PROMPT →
I need the lines from the one with "顔脂肪吸引デメリットのインフォグラフィック" through the end of the material, copied exactly and with nothing else included.

ENTRIES PROVIDED →
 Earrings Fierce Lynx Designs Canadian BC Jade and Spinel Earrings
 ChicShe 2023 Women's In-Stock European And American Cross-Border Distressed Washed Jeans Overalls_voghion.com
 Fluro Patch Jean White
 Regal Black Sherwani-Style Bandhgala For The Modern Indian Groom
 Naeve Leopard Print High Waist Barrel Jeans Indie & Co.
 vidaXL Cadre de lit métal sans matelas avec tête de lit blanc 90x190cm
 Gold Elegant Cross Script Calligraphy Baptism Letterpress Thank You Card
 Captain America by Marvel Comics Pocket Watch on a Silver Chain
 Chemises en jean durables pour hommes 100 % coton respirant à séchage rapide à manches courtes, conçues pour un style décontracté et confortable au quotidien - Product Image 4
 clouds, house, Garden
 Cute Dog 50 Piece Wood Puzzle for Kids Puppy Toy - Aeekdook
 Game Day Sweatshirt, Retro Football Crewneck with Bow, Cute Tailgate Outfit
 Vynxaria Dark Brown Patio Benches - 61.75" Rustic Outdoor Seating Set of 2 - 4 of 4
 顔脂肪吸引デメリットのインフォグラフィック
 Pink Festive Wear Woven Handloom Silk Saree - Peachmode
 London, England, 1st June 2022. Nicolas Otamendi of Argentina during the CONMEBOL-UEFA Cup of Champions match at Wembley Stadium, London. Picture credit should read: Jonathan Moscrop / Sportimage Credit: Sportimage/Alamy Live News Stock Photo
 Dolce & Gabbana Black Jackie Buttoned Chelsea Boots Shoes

RESPONSE →
 顔脂肪吸引デメリットのインフォグラフィック
 Pink Festive Wear Woven Handloom Silk Saree - Peachmode
 London, England, 1st June 2022. Nicolas Otamendi of Argentina during the CONMEBOL-UEFA Cup of Champions match at Wembley Stadium, London. Picture credit should read: Jonathan Moscrop / Sportimage Credit: Sportimage/Alamy Live News Stock Photo
 Dolce & Gabbana Black Jackie Buttoned Chelsea Boots Shoes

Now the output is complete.